In the meantime, I want it on the record that the first person to notice the movement that these days would be called "gamification" was our very own Julian Dibbell.

smooches

D.

8.

Ah, my topic! And i've been too busy writing my thesis to notice.

I enjoy discussions about gamification mostly because I enjoy seeing two things happen. 1). Someone hates it and someone loves it 2). Neither of them can really define it.

No one seems to know what this fake enemy is. You may as well start asking "Who is John Gault?" As far as I could tell, it slowly emerged out of the zynga games and the games on facebook. It was rewards for doing certain things. "Murder your cousin who betrayed you, press button" Grats! 1000 dollars.

The fun thing about this is while academics talk about this, it's already out and invading the public sphere with enough force to cause a reaction in the next few years. Reward-based systems aren't new. Reward based systems because you helped a friend pass a test sort of is. Rewards for doing things at home. After-school programs that reward you for performance. Even teachers get to be incentivized to teach well through bonuses based on performance.

I read one anecdote somewhere from a group of teachers who couldn't get their classes attention until they started making their everyday classes into a game. Once competition was involved, passive or active, the kids all fell in line.

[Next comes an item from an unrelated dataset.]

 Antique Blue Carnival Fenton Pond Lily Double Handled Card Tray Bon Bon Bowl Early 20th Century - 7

Julian Dibbell's work on it is neat!

9.

In my opinion, gamification could be extended to life as a whole, rather than just the school system that is discussed here. I'll agree that people don't always like to play they are 'forced' into, but we all 'play' life dont we? Gamification can help with the most mundane things(see chorewars.com), or even with really important things, like work or even global warming (plant a tree to get +10 of nature sympathy?).

Now of course the big question here is how you can design game mechanics/reward system that works for everyone, and that rewards everyone sufficiently whilst still reinforcing excellence. After all, while in a school environment its easy for a teacher to assign the marks, if you go and help an old lady across the street in a large part no one but you will know. Or you could make up that you helped an old lady across the street for free points. I thought of employing multiple reward system, badges, points, levels, facebook and social network feedback, requirements to post videos or images of said feat that could be tailored to different feats, however theres alot of room to move.

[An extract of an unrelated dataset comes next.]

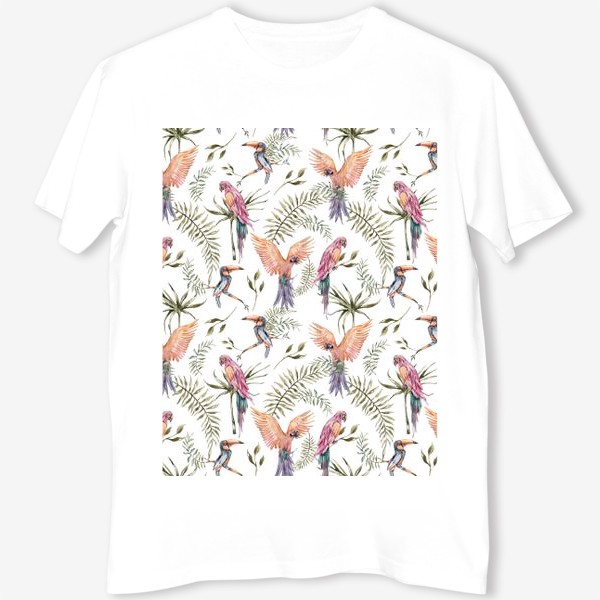 Футболка &laquo;Тропический паттерн для футболки. Попугаи на ветке. Принт для одежды.&raquo;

In any case, I think gamification is a potential indrect solution to many of the worlds problem, and am looking forward to seeing it develop further.

10.

Games invent one world scheme in terms of another. Naturally, I see gamification as an attempt of such invention.

Gamifying an aspect of social life is a rendering, it's not just life + some rules. In the case of gamification, life and game rules can't be treated like separate tracks (only for analytical purposes maybe). As soon as the rules meet the already existing type of social relations, an added value is achieved, something that can be neither found in the social relations nor in the game rules alone. In that sense, it is about creating synch-points between already existing social relations and game rules, which together collapse into a new rhytm and order that changes the meaning of our very own actions. It changes the way in which we perceive our experiences and relations, and how we represent them to ourselves. As a rendering, it influences the way we interprete events, happenings, and our own actions.

The thing here is whether gamification has been really successful in these renderings so far. I have my doubts and I am not so sure whether I can explain why. But I think a good question to start with is: Can we have game and non-game at the same time?

If we think of the "rendering into game" as an illusion, we might say there cannot be alternate readings at the same time: We either perceive the game's gestalt, or we are in real life. We cannot watch ourselves having an illusion.

What I observe is that a lot of "gamificators" fail exactly at this point. In other words, they ask us to perform alternate readings simultaneously: It's a game, but also real. It's real, but also a game. I think that is what makes gamification mostly result in failure: it asks us to watch ourselves having an illusion.